Lowisz is established in the industry, earned a Chemistry degree from the University of Minnesota’s College of Science and Engineering, and is still familiar with the feelings of imposter syndrome, “Having to project your intelligence and eloquence is exhausting. If I don’t know things because I was never told, that just ties back to a training problem, not your fault. You can’t help ignorance - that’s why you ask. As a cis woman I was taught to express my emotions, but also apologize for it.”
“When I first started, I was just so excited to be in the industry.” Seitz shares. “The first two or three years I was intimidated and shy, but over the course of a few years I’ve gotten involved in more organizations. You meet people, network, and the intimidation withers away.” Seitz was fortunate enough to not only have a dad who worked at Summit, but also shadow Gerri Kustelski - who has spent most of the past 57 years working in a brewery laboratory.
Opportunities like this to learn from other women in such an immersive, hands-on way are few and far between. But that’s where Witch Hunt comes in. Their overall goal is two-fold, to support women and other marginalized groups already in the industry and provide education for those looking to start brewing. Lowisz breaks it down as simple as, “Do you make it? Do you want to make it? It’s for women, femmes, trans, queer, non-conforming. Our cohort needs diversity. And how do we be anti-racist beer people? Reading, listening, learning, comprehending.”
Witch Hunt’s most recent release, Seeds of Change (a collaboration with Lupulin Brewery), is meant to encourage sowing the seeds of diversity, support educational development and professional pathways for marginalized individuals in the craft beer community. Seeds of Change is a 12% ABV Imperial Stout with an oaky roastiness that is balanced by infusions of Ancho, Guajillo, & Arbol peppers for a lingering heat & chocolate finish.
If you are local and now inspired (aka under the Witch Hunt spell) you can connect with this welcoming and inclusive coven of brewers - even in a pandemic - by joining them virtually in their upcoming events:
Monday, March 8 (7:00 a.m. - 5:00 p.m.) Witch Hunt will be spending International Women’s Day at Arbeiter Brewery, which features two Witch Hunt members, making a Maibock. There will be streaming portions of the brew day live on social media on Facebook and Instagram.
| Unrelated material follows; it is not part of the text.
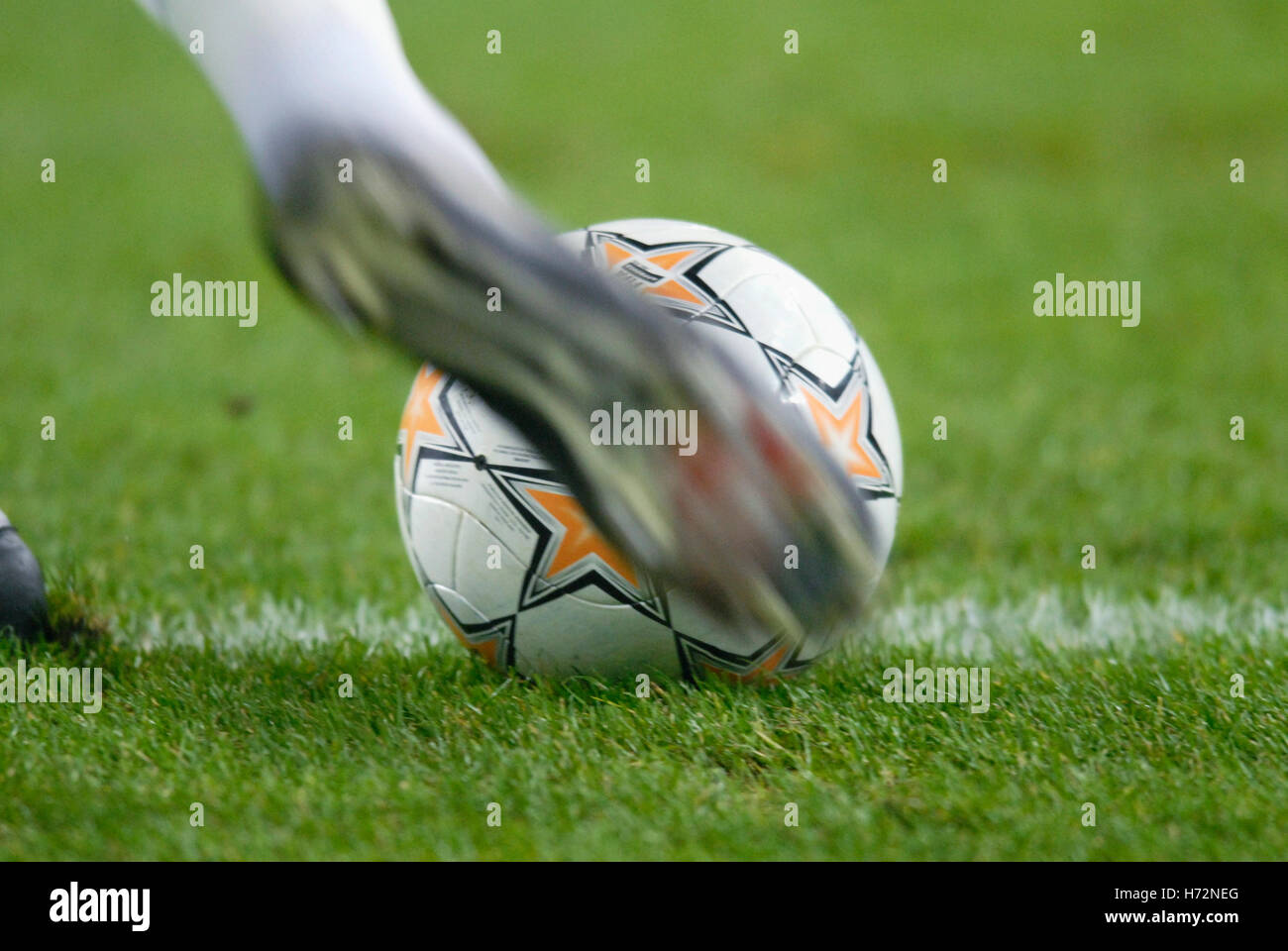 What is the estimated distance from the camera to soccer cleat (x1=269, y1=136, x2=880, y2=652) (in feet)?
6.44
Monday, March 15 (6:00 - 7:30 p.m.) Witch Hunt will be hosting a guided charcuterie and Seeds of Change tasting event via Zoom. Ashley Hauf, Sales Director at Dual Citizen, will be hosting the event. Bottles are for sale on Lupulin’s online store, in their taproom, as well as select Twin Cities liquor stores.
Zoom Meeting ID: 879 6977 5401
Locally Brewed International Women’s Day Beers
Surly Brewing - Mainsplain Survivors
Brewed on their 1-barrel pilot system on March 8, Surly will be inviting women and non-binary folx to join in on brewing this No Coast IPA.
Badger Hill - Nevertheless West Coast IPA
A collaboration with women brewers from around the state, this IPA will be available in their taproom March 8.
Modist Brewing Co. - The Fix: IWD 2021
A zero IBU New England IPA (because feminism is about zero tolerance for inequality) hopped and double dry hopped with Simcoe, El Dorado, Cashmere, Ahtanum, Cintra, Loral and Sabro hops.
Dangerous Man - Crewel Juice
An imperial fruited sour that was dry hopped and kissed with fruity goodness in time for a release on March 5.
Lift Bridge Brewing Co - Free the Bibs
Made by the women of Lift Bridge in honor of IWD, this delicious Blood Orange Hefeweizen is now on tap and available as crowlers. A portion of the proceeds will go to @valleyoutreach , who helps people in the St Croix Valley area move their lives forward through basic needs, services and personalized support.